In the first prologue (often labeled the Preface), Arrian defends his use of Ptolemy and Aristoboulos as his main sources because they both served under Alexander (they were there), both wrote after Alexander died (nothing to gain or lose by telling the truth), and Ptolemy would, as king, would “have been more disgraceful to speak falsely”. The last point makes Arrian appear somewhat credulous, to say the least, but I’m sure it scored some nice points with the emperor in the obvious bow to authority. Arrian has included additional material when they seemed “worth relating and not wholly implausible”. When Ptolemy and Aristoboulos disagree on their accounts, Arrian again goes with the more plausible account.

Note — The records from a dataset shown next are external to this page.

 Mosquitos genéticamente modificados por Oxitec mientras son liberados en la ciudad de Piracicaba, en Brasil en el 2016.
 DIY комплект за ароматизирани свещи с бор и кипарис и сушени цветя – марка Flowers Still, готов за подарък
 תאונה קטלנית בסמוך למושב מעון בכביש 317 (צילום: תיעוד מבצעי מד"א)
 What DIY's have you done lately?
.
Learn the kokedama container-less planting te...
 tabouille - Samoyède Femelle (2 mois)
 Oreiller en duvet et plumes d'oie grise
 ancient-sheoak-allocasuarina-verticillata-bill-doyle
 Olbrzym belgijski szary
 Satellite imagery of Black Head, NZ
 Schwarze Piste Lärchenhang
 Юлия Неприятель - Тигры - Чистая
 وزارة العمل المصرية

The first preface ends with Arrian’s charge to any reader surprised at his writing this history of Alexander: “Any readers who are surprised that it would have occurred to me to write this history, after so many others have written theirs, should read the other accounts and then mine—and then let them say they’re surprised.” The first prologue sets the initial tone of the work, but it pales in comparison to the claims of the second prologue at 1.12.2-5. At this point in the narrative Alexander has just crossed the Hellespont, visited the remains of Troy, and laid a wreath on the tomb of Achilles. The symbolism piles up as Arrian reintroduces his work. Arrian claims Alexander had one unfortunate trait—the lack of a worthy history. Achilles had Homer. Is Arrian implying that he’s the equivalent of Homer? I wouldn’t be surprised given his attitude in the rest of this passage. Alexander’s “exploits were not published to mankind in a worthy manner either in prose or in verse. Nor were his praises sung in lyric poetry… .” And Arrian thinks he is just the guy to do it—as he implies, a great figure deserves a great writer.

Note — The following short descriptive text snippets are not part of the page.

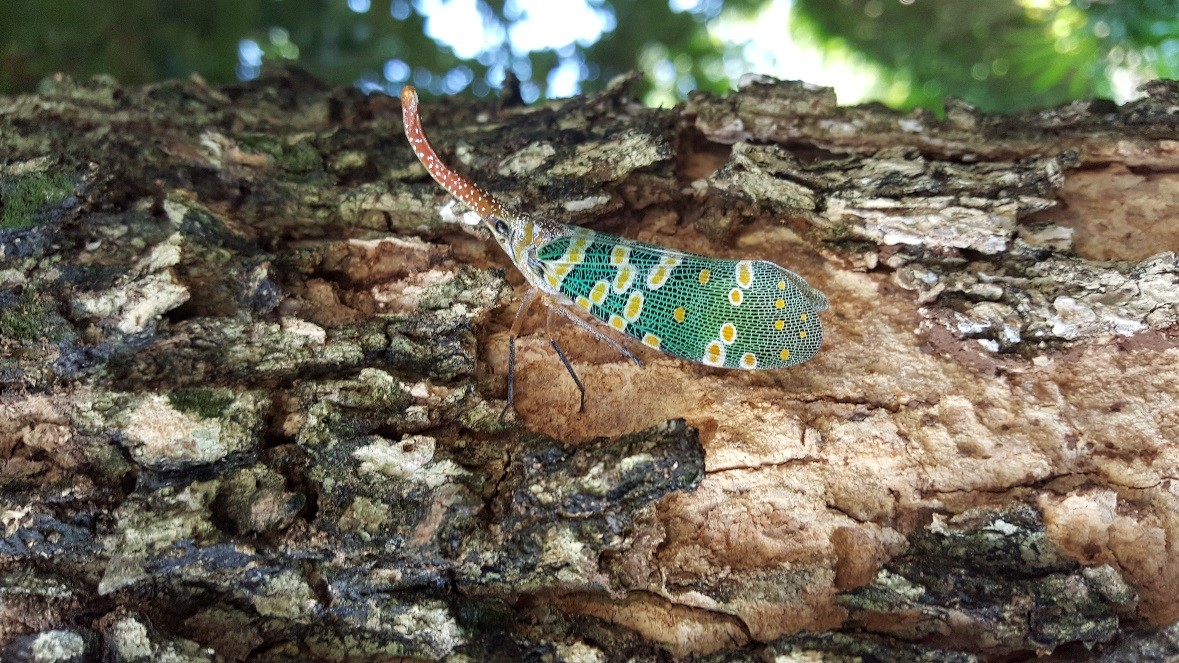 龍眼雞成蟲外觀豔麗，引人注目，但其實是一種外來種生物，可能排擠本土物種的生存空間。防檢局/提供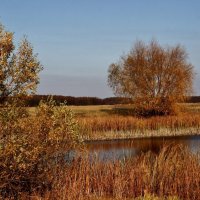 Осенняя задумчивость пруда. :: Восковых Анна Васильевна 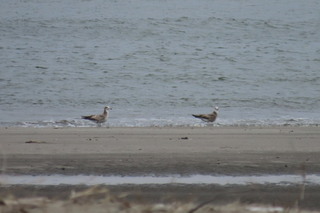 Larus crassirostris?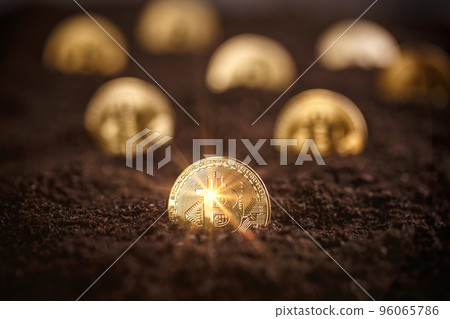 Mining Golden Bitcoins Mining Golden Bitcoins 96065786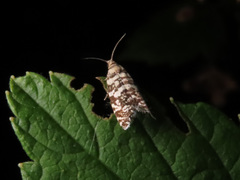 Epinotia tedella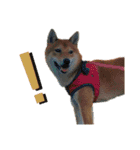 柴犬(∪・ω・)福のスタンプ（個別スタンプ：4）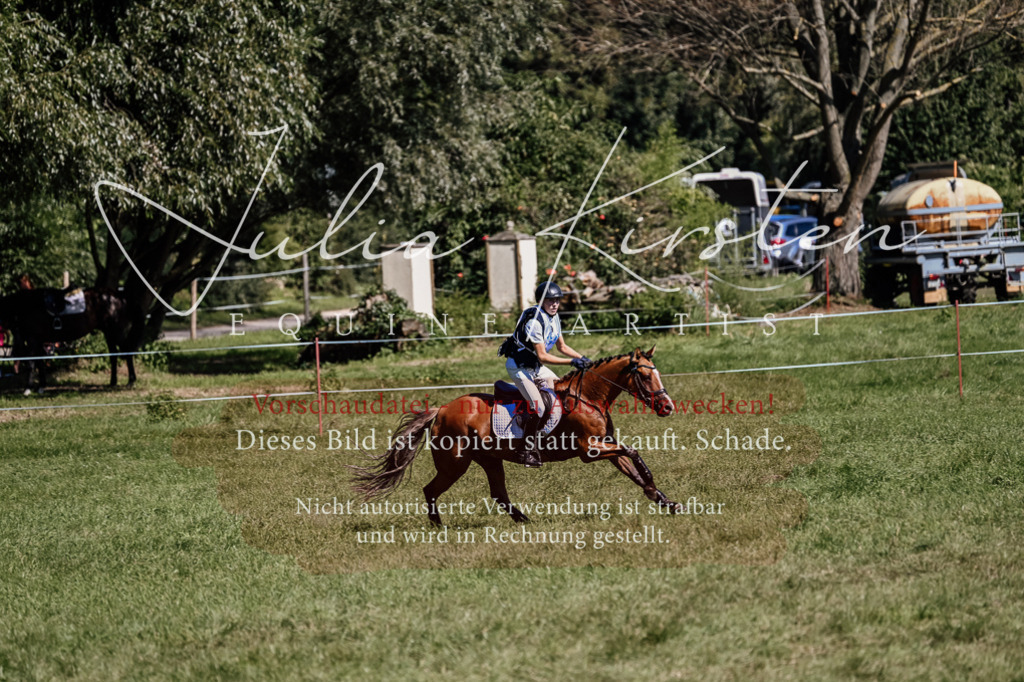 DSC_2103 | Pferde- und Turnierfotografie in Westsachsen. Pferdeportraits, Auftragszeichnungen und intuitive Kunst.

Arrian takes several shots at Xenophon, providing pointed contrasts between Alexander’s and Xenophon’s accomplishments. While Arrian revered Xenophon since he added the historian's name to his own, apparently the appreciation resided mostly in Xenophon’s writing ability and not his military achievements. Or maybe just when compared to Alexander. There may be (a no longer false) modesty from Arrian in this history regarding a) his distance from the subject (compared to Xenophon who wrote his own history in the Anabasis), and b) his willingness to go unnamed in the work. Arrian claims “these chronicles are my country and my family and my offices, and have been from my youth.” Since Alexander held the “foremost place among warriors”, then Arrian should hold “a foremost place among Greek writers”. Many comments spring to mind from these prefaces, but I’ll limit myself to one point.

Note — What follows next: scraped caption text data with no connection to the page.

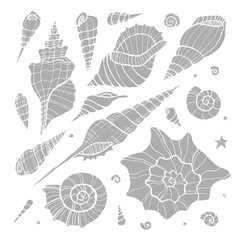 Hand drawn doodle vector seashells.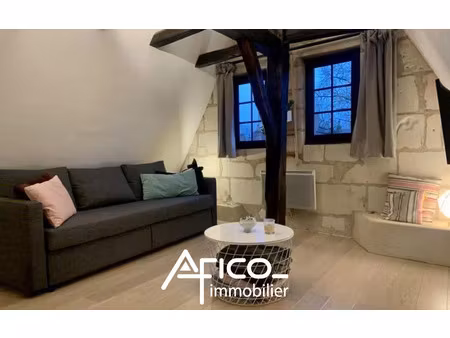 location appartement 1 pièce 22 m² à tours (37000)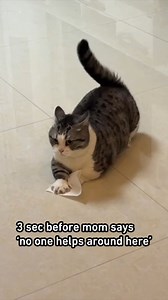 I'm helping! #housework #cat #9gag | 9GAG Vibes
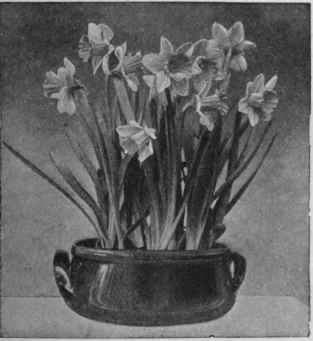 Daffodils look charming when grown in a green earthenware bowl Copyright Messrs. Carter Or Co.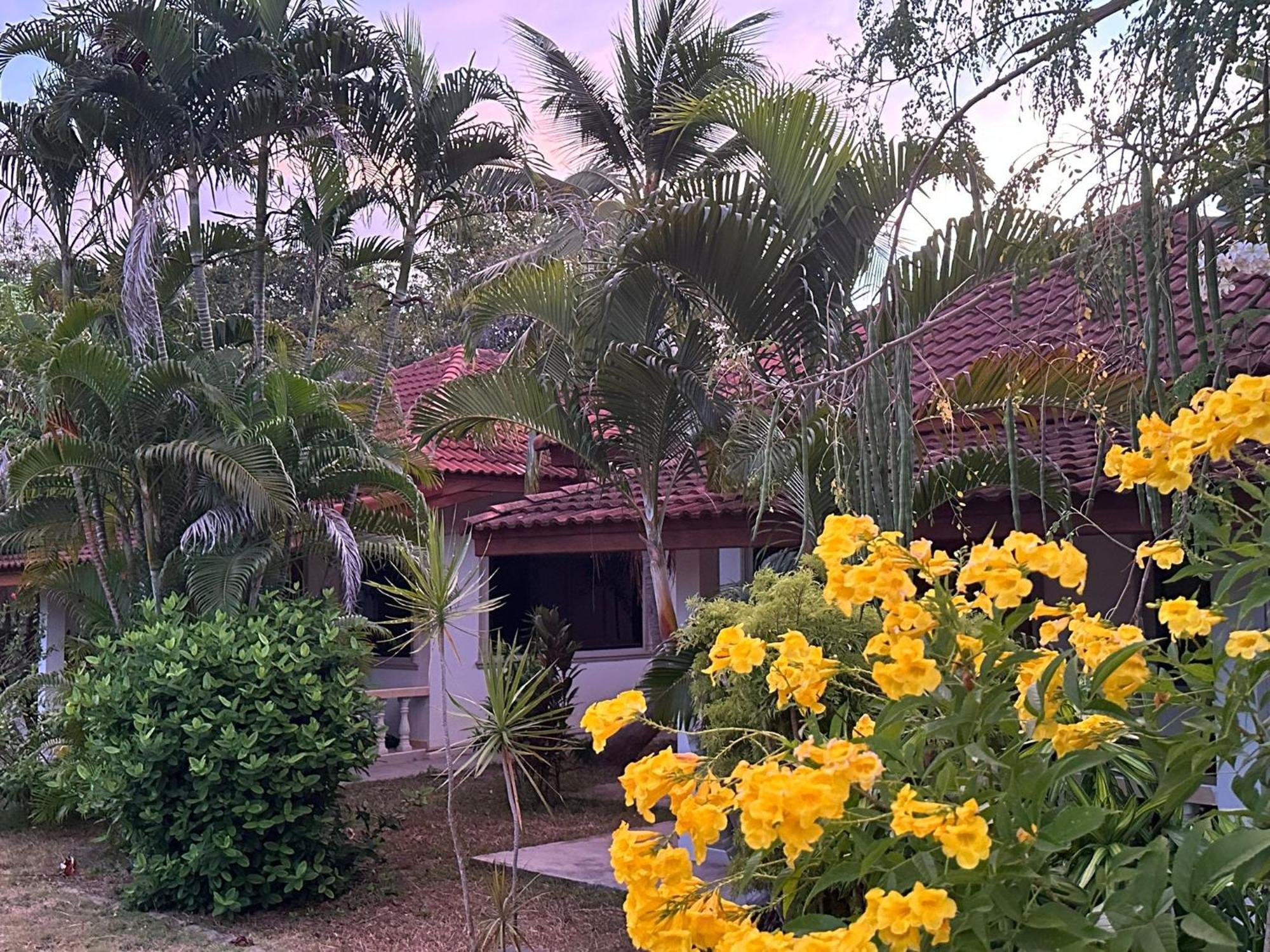 Samui Garden Resort Bang Rak Beach  Eksteriør bilde
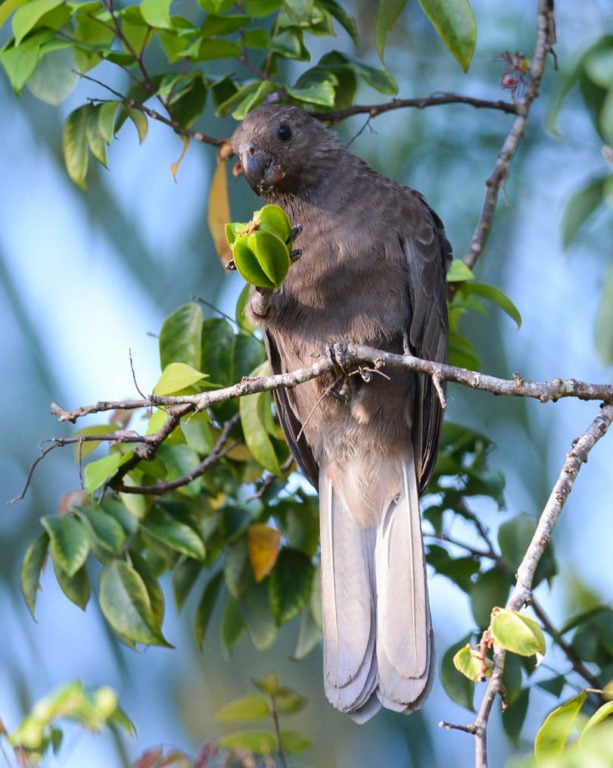Black Parrot Eating Starfruit on Praslin Island the Seychelles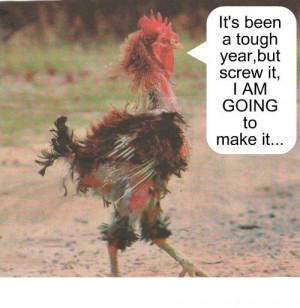 somebody feed the rooster lol!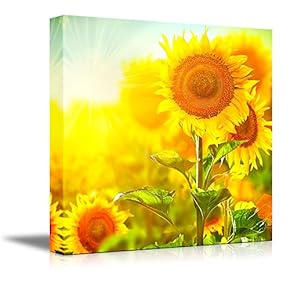 Canvas Prints Wall Art - Beautiful Sunflowers Blooming on The Field Growing Sunflower | Modern Wall Decor/Home Decoration Stretched Gallery Canvas Wrap Giclee Print & Ready to Hang - 12" x 12"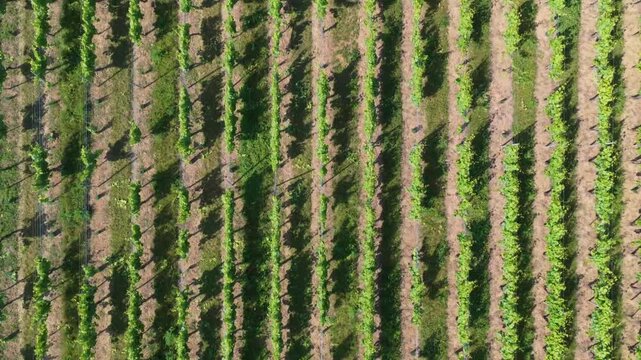 Aerial vineyard rows with village rooftops and distant hills in view, Alsace region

Arrian makes it clear in the first preface there were many histories of Alexander’s exploits to choose from when compiling a history. The second preface, though, complains of the void in adequately relaying his deeds in a “worthy manner either in prose or in verse.” I think it worth looking at these two claims. Several options can explain the void despite numerous histories but I keep coming back to two reasons. If Arrian meant there were not many great writers from Alexander’s time down to the second century CE that addressed Alexander's life then Arrian engages in self-promotion consistent with his claims in the prefaces, especially in the second one. Alexander's accomplishments cannot be denied, as Arrian declares, but there may be a tacit admission regarding conflicting views of Alexander. I’m not referring to the conflicting histories Arrian mentions—paring down to just the basic facts provides a somewhat consistent narrative. Where the historian places the emphasis in those facts can make all the difference. I’m looking forward to see how Arrian handles the many facets of Alexander.